今年の夏はペンギンのアニメを観るつもりだけれど、夏休みといえば!親に連れられてアニメ!という習慣は皆無だった。私の映画好きは父親の影響によるものだけれど、幼子(私)がいるからといってアニメを見せることもなく、自分の観たい映画を観るマイペースな男であった。50〜60年代のハリウッド・クラシックがメイン。時折サイレント映画が混じる。隣でぼんやり観ていて、子供にもわかりやすくて好きだったのはチャップリンや西部劇。チャップリン『独裁者』は小学校に入学する前のお気に入りで、何度も観て筋書きは覚え、演説シーンを真似していた…やだよそんな子供…。
小学生になると兄の要望により近所の珠算学校に通うことになり、意外な計算能力の高さがなぜか開花し、先生からスカウトされ、珠算学校を代表して県大会に挑むことになった。
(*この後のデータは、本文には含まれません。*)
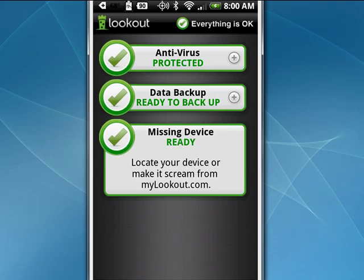So an extremely handy tool, especially one that's free. Lookout provides virus protection, data backup, and makes it possible for you to find your device if you misplace it somewhere in your house. Cool tool for Android. And that's all there is to it.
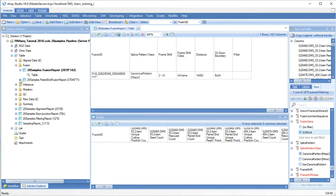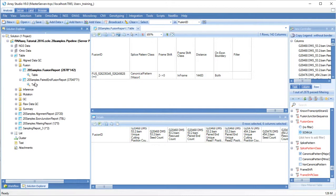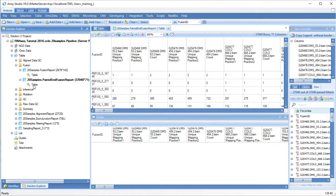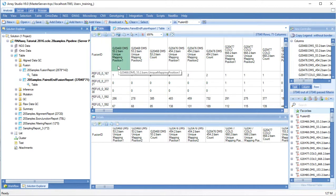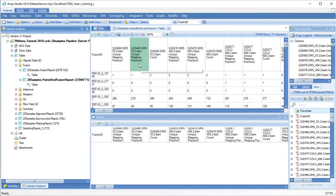The paired-end fusion report does not consider fusion reads, but is only looking for read pairs where each read was mapping to a different gene location. Again, for each sample you will get an indication of the unique mapping positions to each location and the total number of read pairs mapping to this fusion event.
夏休み、珠算学校に強化選手が集められ、何日もひたすらそろばんを弾く。そろばん以外には暗算など、各種目まんべんなく鍛える。
しかし遊びたい盛りの小学生を薄暗い珠算学校に閉じ込めることを、さすがに先生も不憫に思ったのか、教室にテレビとビデオデッキを持ち込み、映画を見せてくれる日があった。ある年は『風の谷のナウシカ』で、ある年は『天空の城ラピュタ』だった。先生が所有していたのがその2本だったのかもしれない。両親は私をアニメに連れていく人々ではなかったので、数少ないアニメ体験は珠算特訓のサービスとしてもたらされた。労務の提供と、その報酬としてのジブリ。
今でもジブリ映画が公開されたり、テレビ放映されるたび、そして今年の夏のアニメが話題になるたび、反射的にあの薄暗い珠算学校を思い出す。広い珠算学校に少ない強化選手が集められるから、一部だけしか電気を点けてなくて薄暗かった。
東京を歩いていて珠算学校を稀に発見するけれど、この時代に珠算を学ぶのはどんな子なんだろう。OK, googleって呼びかけたら、手を動かさなくても教えてくれるんでしょう?県大会の結果は珠算総合、暗算ともに県2位だった。何年かに渡って出場したけれど、常に2位。やるからには1番になりたい負けん気の強い私としては、ややほろ苦い。あんざんで右脳をトレーニング!とポスターにはあるけれど、あんざんで鍛えられるのは左脳のような気がする、というのが経験者からのコメントです。